**Prompt:**
In your copy, leave out the pictures and repeat every record exactly.

**Material for the task:**

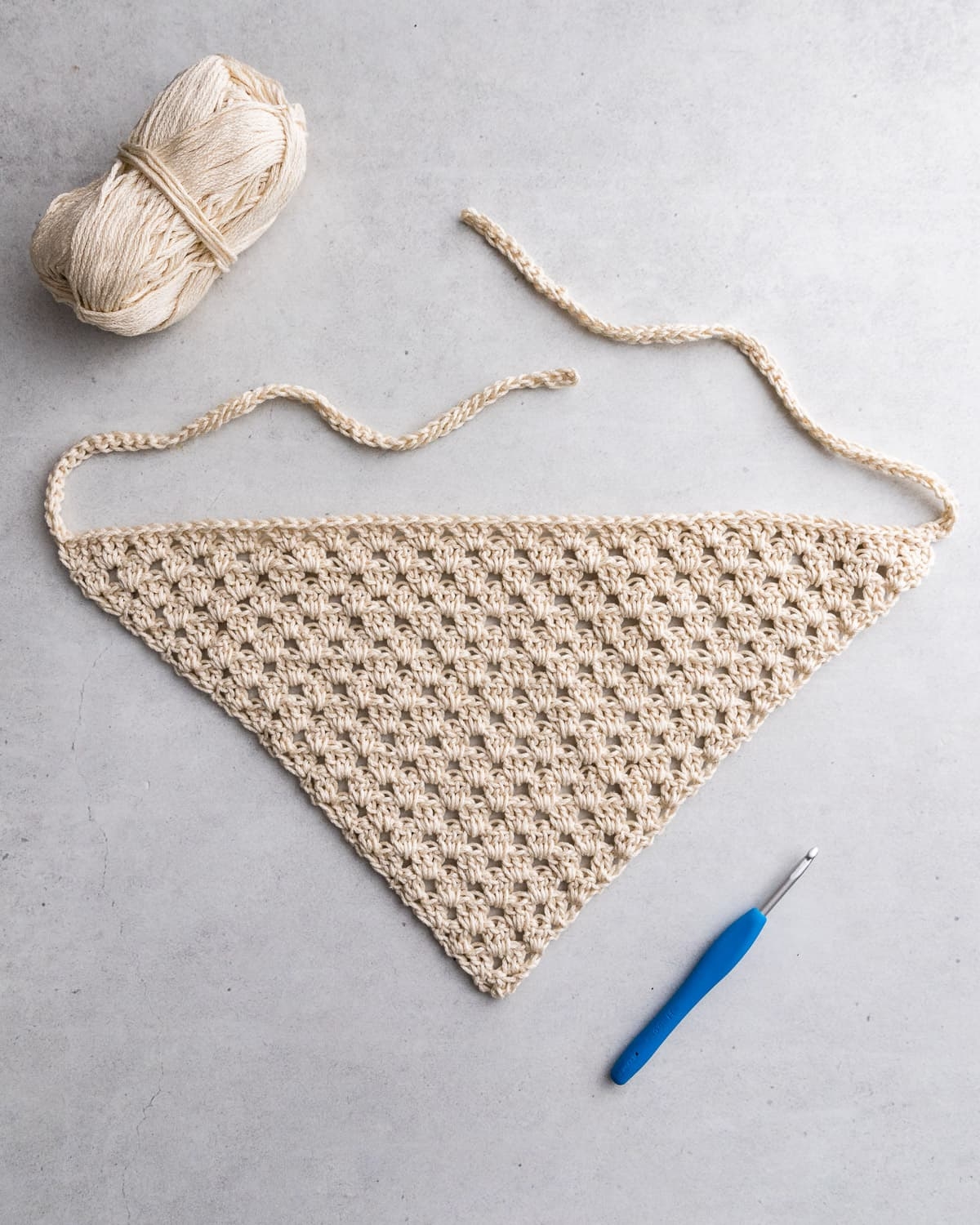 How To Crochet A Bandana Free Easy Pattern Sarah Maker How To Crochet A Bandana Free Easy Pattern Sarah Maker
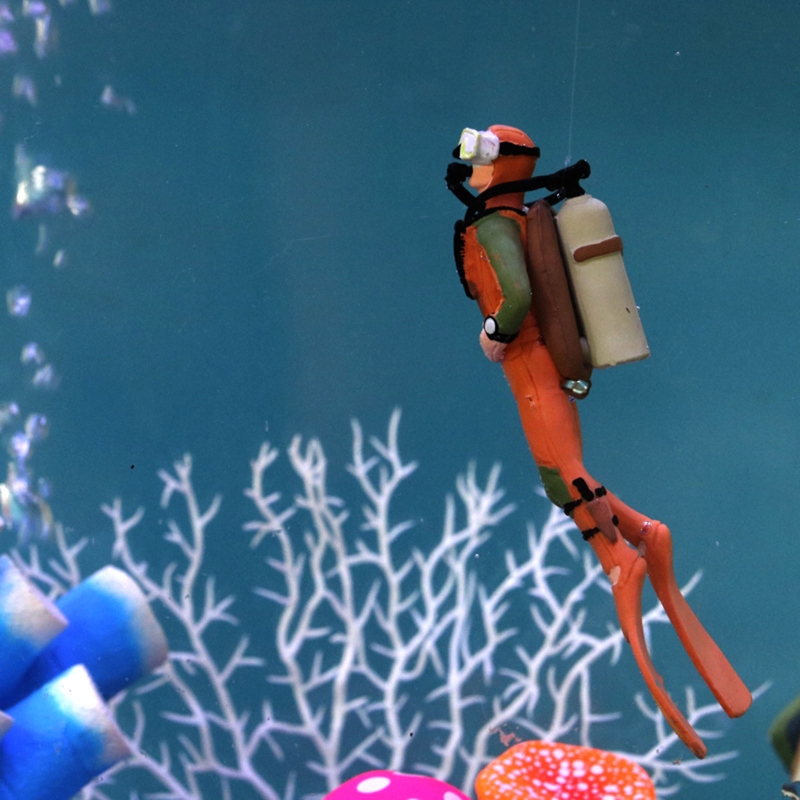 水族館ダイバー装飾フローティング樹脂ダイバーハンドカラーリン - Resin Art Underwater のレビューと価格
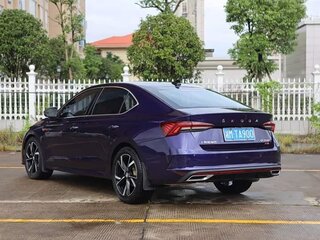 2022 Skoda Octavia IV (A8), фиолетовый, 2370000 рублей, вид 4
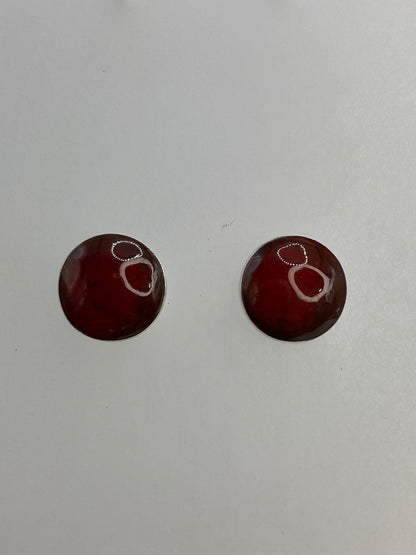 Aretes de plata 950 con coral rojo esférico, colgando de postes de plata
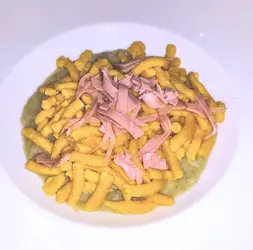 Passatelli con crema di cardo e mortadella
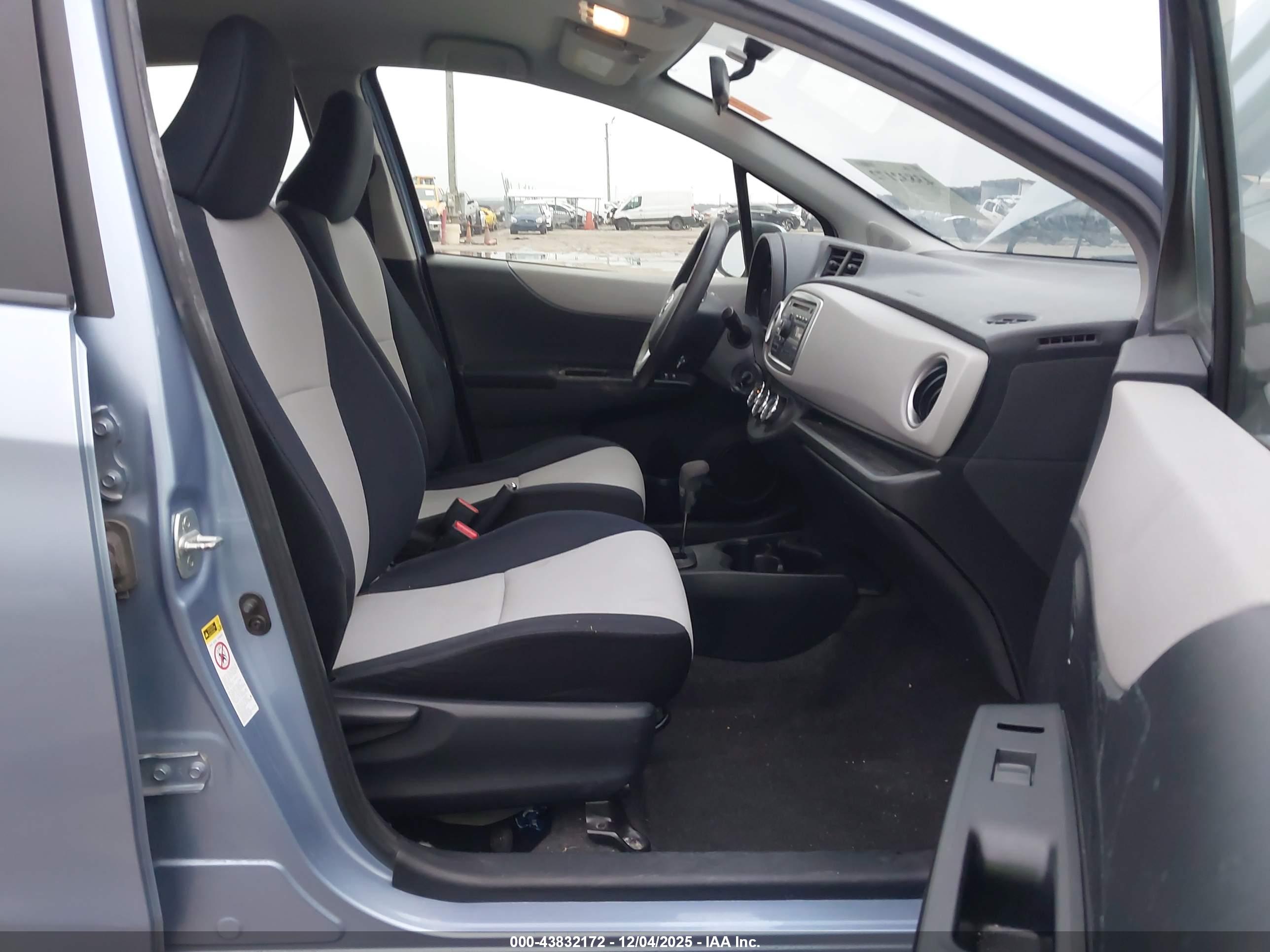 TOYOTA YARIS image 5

**Exercise answer:**
 How To Crochet A Bandana Free Easy Pattern Sarah Maker How To Crochet A Bandana Free Easy Pattern Sarah Maker
 水族館ダイバー装飾フローティング樹脂ダイバーハンドカラーリン - Resin Art Underwater のレビューと価格
 2022 Skoda Octavia IV (A8), фиолетовый, 2370000 рублей, вид 4
 Aretes de plata 950 con coral rojo esférico, colgando de postes de plata
 Passatelli con crema di cardo e mortadella
 TOYOTA YARIS image 5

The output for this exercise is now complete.